== Exercise goal ==
What you return must match, exactly, the lines running from the one containing "开车R档是什么 开车r档代表什么" to the end of the data, both included, and must contain no pictures.

═══ Excerpted records ═══

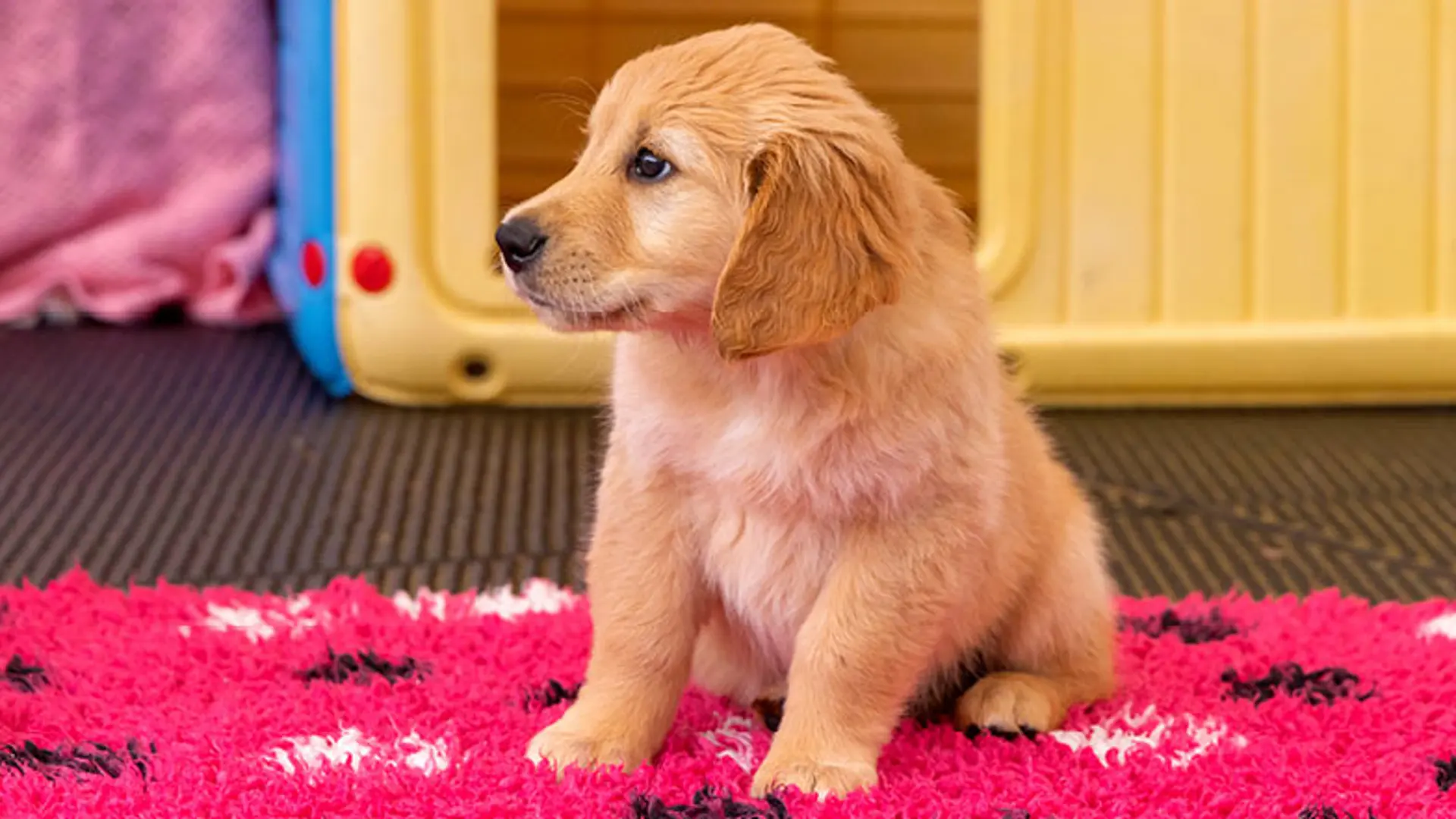 Parsnip sitting on a pink rug looking away from the camera.
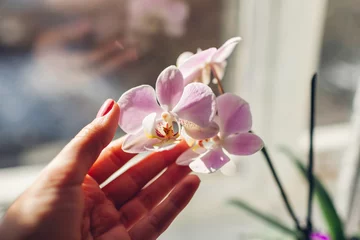 Gardinen Purple orchid phalaenopsis. Woman taking care of home plants . Close-up of female hands holding violet flowers © maryviolet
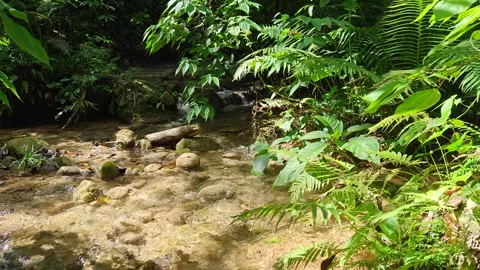 River Mulito flowing over mossy rocks in tropical jungle, Pedernales, DR Vidéo 334261960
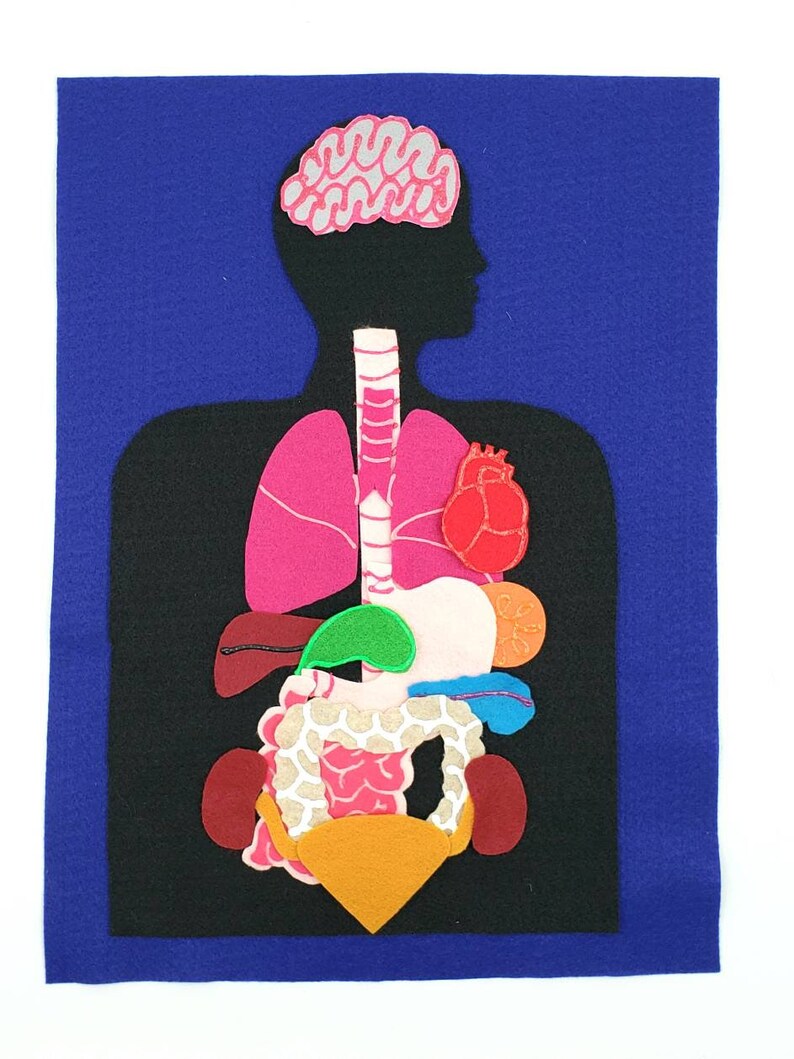 Felt Anatomy Set Human Organs Felt Set Body Parts Felt Etsy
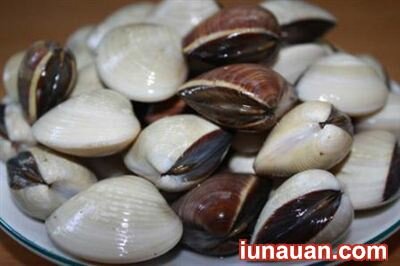 Ảnh minh họa 3 - Hướng dẫn cách làm ngao xào sả ớt ngon tuyệt đỉnh kungfu!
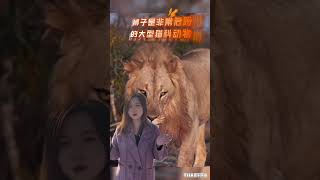 这些动物脚印，一定告诉孩子看到了要远离！#科普一下 #儿童安全# 安全教育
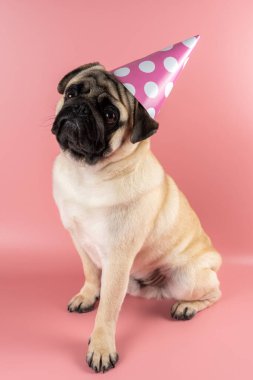Funny Pug dog wearing happy birthday hat on pink background.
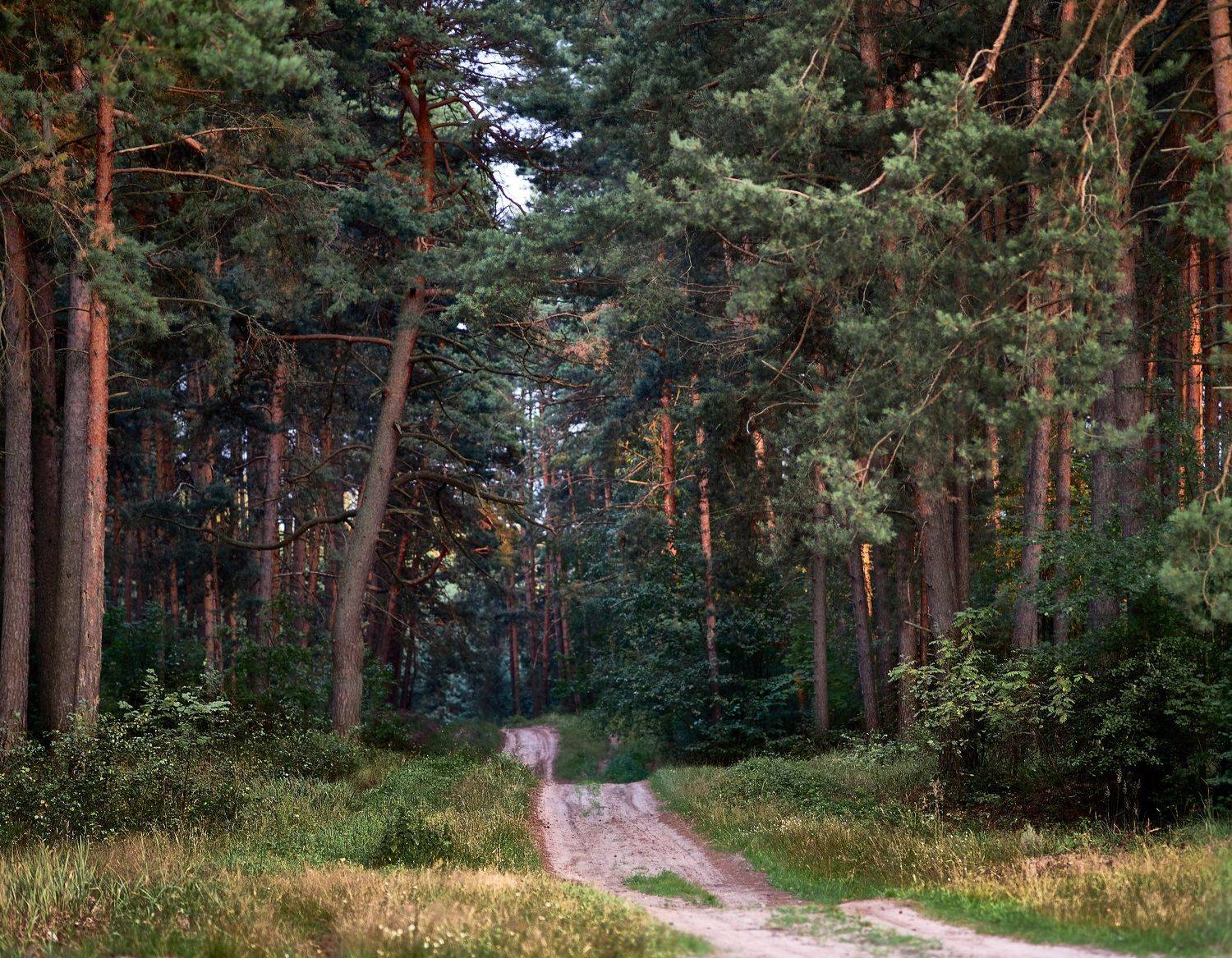, Франгони Владимир
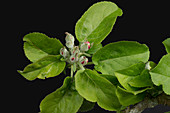 Apple flower buds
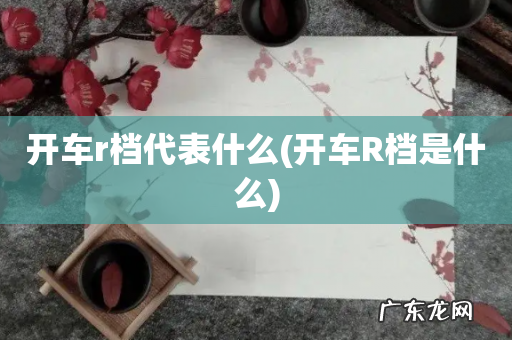 开车R档是什么 开车r档代表什么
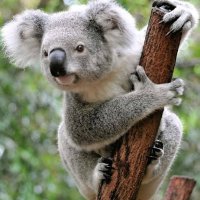 Just saying (@kangaroos991) 's Twitter Profile Photo Just saying (@kangaroos991) 's Twitter Profile Photo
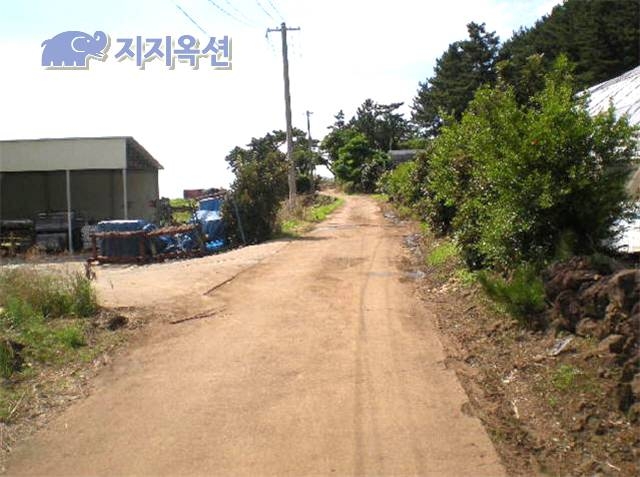 삼양검문소 이미지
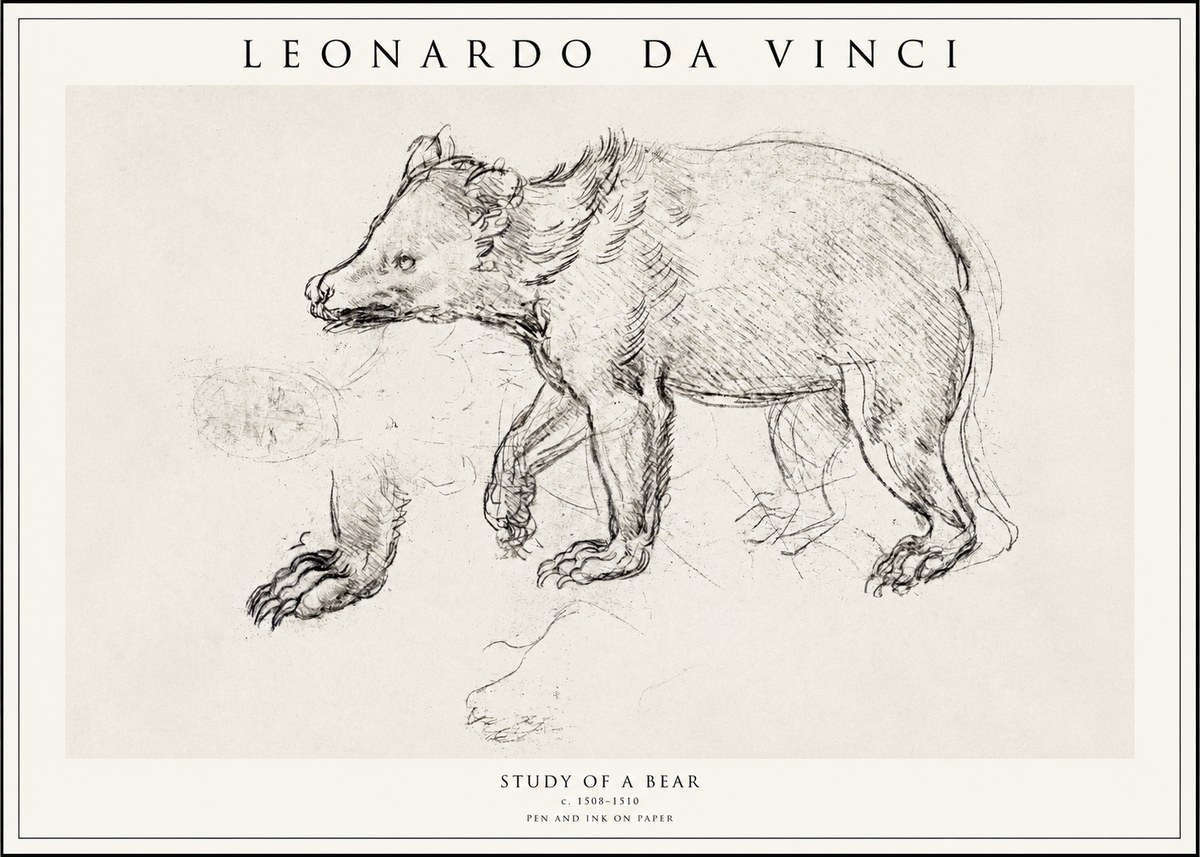 Leonardo da Vinci Study of a Bear No1 - Póster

═══

== Exercise solution ==
 开车R档是什么 开车r档代表什么
 Just saying (@kangaroos991) 's Twitter Profile Photo Just saying (@kangaroos991) 's Twitter Profile Photo
 삼양검문소 이미지
 Leonardo da Vinci Study of a Bear No1 - Póster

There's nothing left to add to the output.